WORK REQUEST
With the images removed, repeat the data below exactly.
═════ COLLECTED DATA
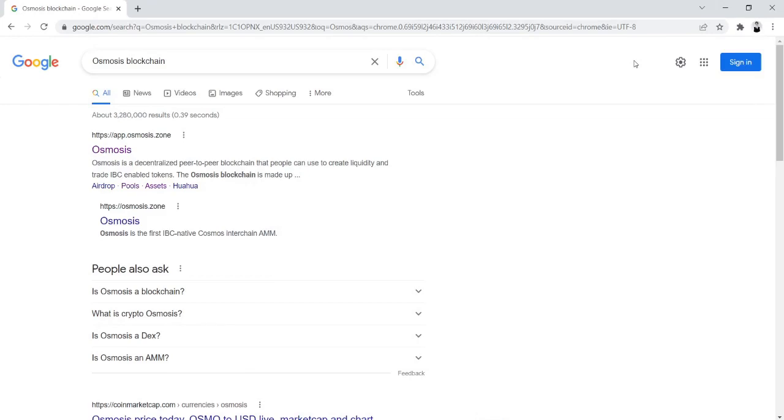Hello everyone, this is Carter Wetzel here, going to be walking through a tutorial of how to obtain Secret so that you can claim your Shade airdrop.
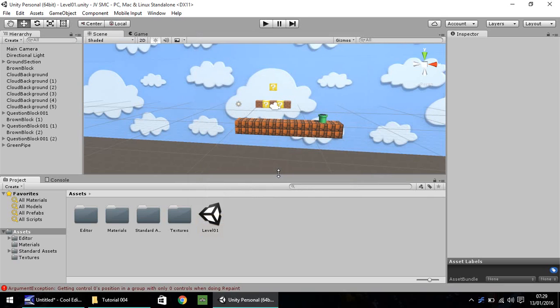Hello, my name is Jimmy Vegas and welcome to this, the fourth in a series of video tutorials on how to create a Mario game in Unity 5.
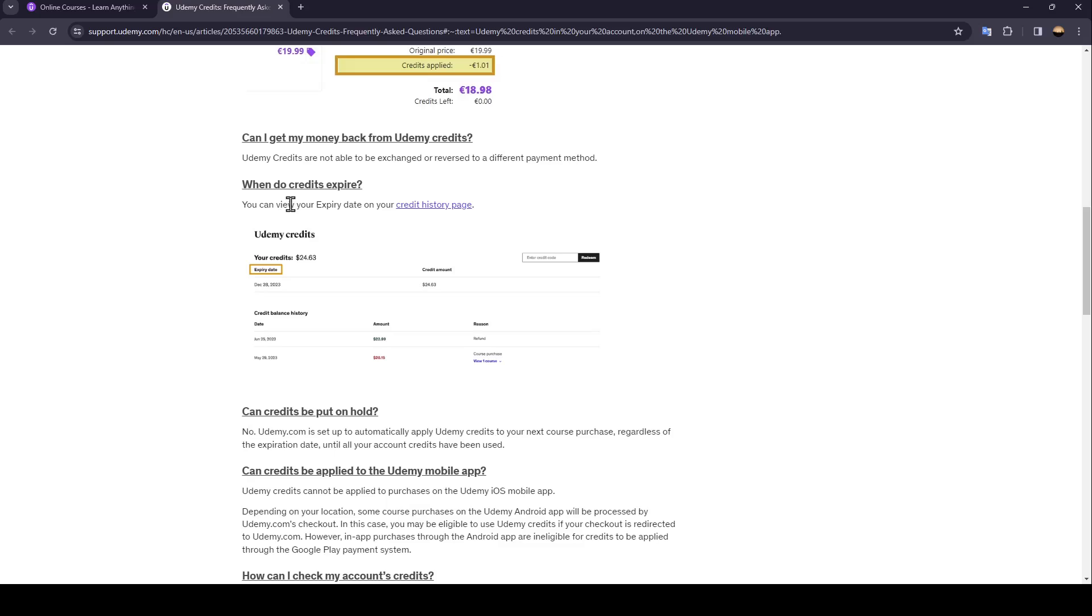When do credits expire? You can view your expiry date on your Credits History page.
══════════
REPLY TO THE TASK
Hello everyone, this is Carter Wetzel here, going to be walking through a tutorial of how to obtain Secret so that you can claim your Shade airdrop.
Hello, my name is Jimmy Vegas and welcome to this, the fourth in a series of video tutorials on how to create a Mario game in Unity 5.
When do credits expire? You can view your expiry date on your Credits History page.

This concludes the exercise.